The jets of coolant liquid are normally directed onto the surface of the ingot at an angle relative to the ingot surface. This angle is generally in the range of 15 to 105° with a component in the direction of ingot advance. The jets of the constant first stream preferably have angles of impact 15 to 30°, and the intermittent jets of the second stream preferably have angles of impact of 30 to 105°. The particularly preferred angles are about 22.5 and 45°, respectively. The first and second streams preferably have average rates of flow in the initial stage of casting of 0.1 to 0.5 gallons per minute per inch of mold bore (the mold bore is the periphery of the mold, often considered to be the periphery of the casting surface within the mold). The intermittent second stream is preferably caused to flow for a time period of 5 to 20 seconds (more preferably 5 to 15 seconds), and is then caused to stop for a time period of 10 to 25 seconds (more preferably 15 to 20 seconds), with the time periods being repeated sequentially until the initial casting stage ends. The on/off periods of these jets is determined either empirically or by means of calculation or modeling to produce a rate of ingot cooling in the initial stage optimized for reduction of butt curl with minimal additional undesirable cooling artifacts, and is generally controlled automatically by means of a numeric calculator (such as a programmable logic controller or a computer).

In the initial stage of casting, the coolant is preferably first directed onto the outer surface when the emerging ingot has a length of about 50 mm from the exit of the mold in the direction of ingot advance and is terminated when the emerging ingot has a length of about 200 mm (more preferably 150 mm) from the exit of the mold in the direction of ingot advance corresponding to an end of the initial casting stage. There may be no application of coolant liquid before 50 mm of the ingot has emerged because this part of the ingot may be shielded by the bottom block as it emerges from a position closing the mold exit. The initial stage of casting is ended when the ingot has a length considered suitable for regular steady state liquid cooling without risk of causing undesirable cooling artifacts to the ingot.

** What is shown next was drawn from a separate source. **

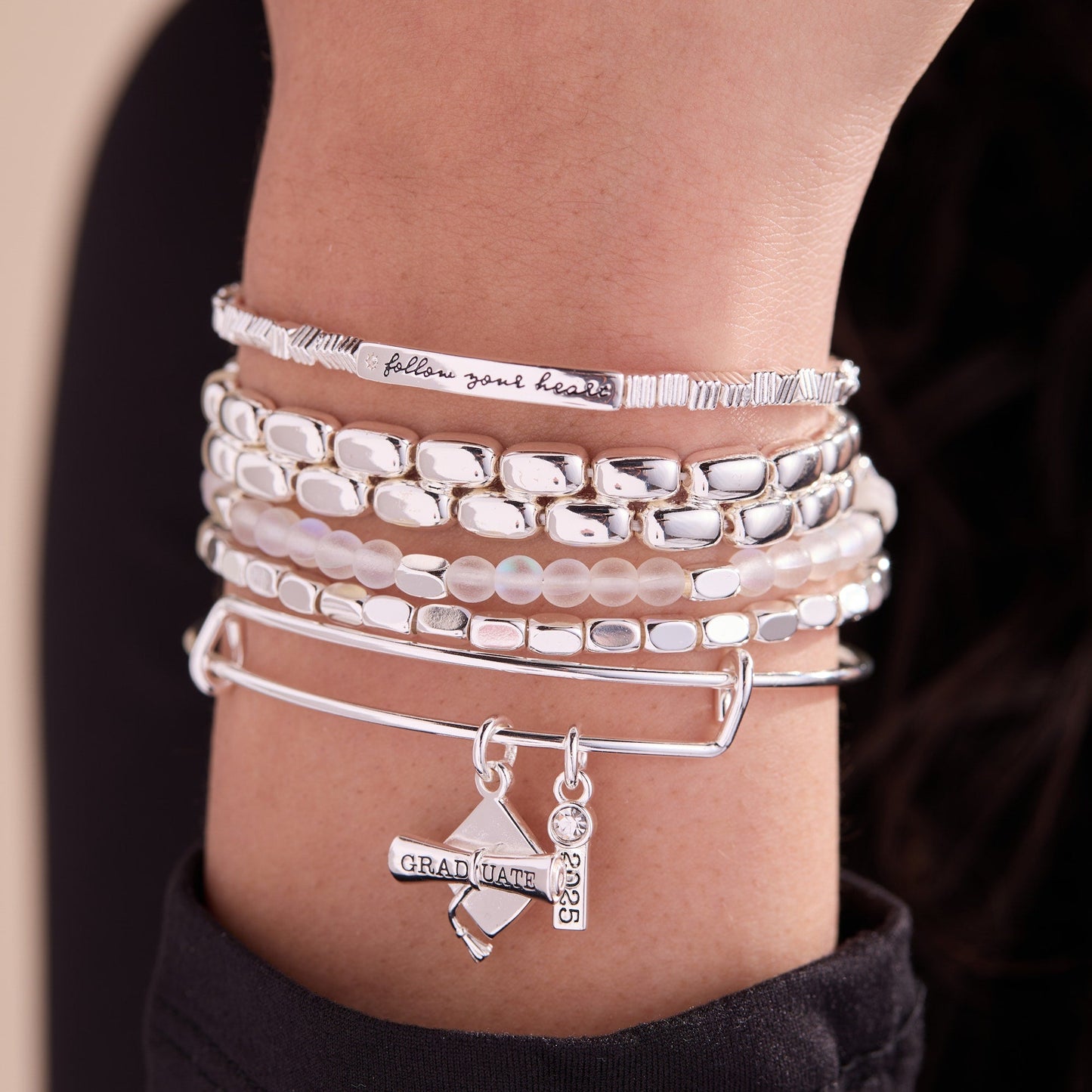 Follow Your Heart Stretch Bracelet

When the coolant streams are provided to the mold from a common source, the flow of coolant liquid to the casting mold is preferably increased when the jets of the second stream are flowing compared to when the jets of the second stream are not flowing so that a rate of flow of the jets of the first stream remains substantially unchanged regardless of whether the jets of the second stream are flowing or not. This may not be necessary when the coolant streams are separate from eachother within the mold and are supplied from separate sources.

Following the initial stage of casting, at least two constant streams of the coolant liquid may be directed onto the outer surface of the ingot during the steady state casting stage, with least one (and preferably both) of the constant coolant streams having a higher rate of flow than each of the constant first stream and the intermittent second stream of the initial casting stage. Moreover, the initial casting stage and the steady state casting stage may be separated in time by an acceleration casting stage in which the speed of advance of the ingot is increased in rate from the first casting speed to the second casting speed. At least two constant streams of the liquid coolant are preferably directed to the outer surface of the ingot during the acceleration casting stage and at least one of the two streams (preferably both) is increased in rate of flow as the acceleration casting stage proceeds.

A further exemplary embodiment of the invention provides apparatus for direct chill casting a metal ingot, the apparatus having a mold having an inlet for molten metal, an exit for an ingot cast in the mold, a casting surface between the inlet and the exit, and a jacket for coolant liquid surrounding the casting surface. Holes are provided in the jacket surrounding the exit for directing at least two streams of coolant liquid onto at least part of an outer surface of the cast ingot as the ingot emerges from the exit, including first stream in the form of a series of first jets of coolant liquid and a second stream in the form of a series of second jets of coolant liquid. The first and second jets impact the at least part of the outer surface at locations of impact spaced from each other. First passageways supply coolant liquid to the holes for the first stream and second passageways supply the holes for the second stream. At least one valve member is provided having a first position interrupting flow of coolant liquid only through the second passageways, and a second position permitting flow of coolant liquid through the second passageways. A valve operator is capable of moving the valve member between the first position and the second position, and a control unit provides commands for operation of the valve operator and is adapted to cause the valve member to move repeatedly between the first and second positions during an initial stage of casting to cause the second stream of coolant liquid to flow intermittently during the initial stage of casting while the first stream flows constantly during the initial stage of casting.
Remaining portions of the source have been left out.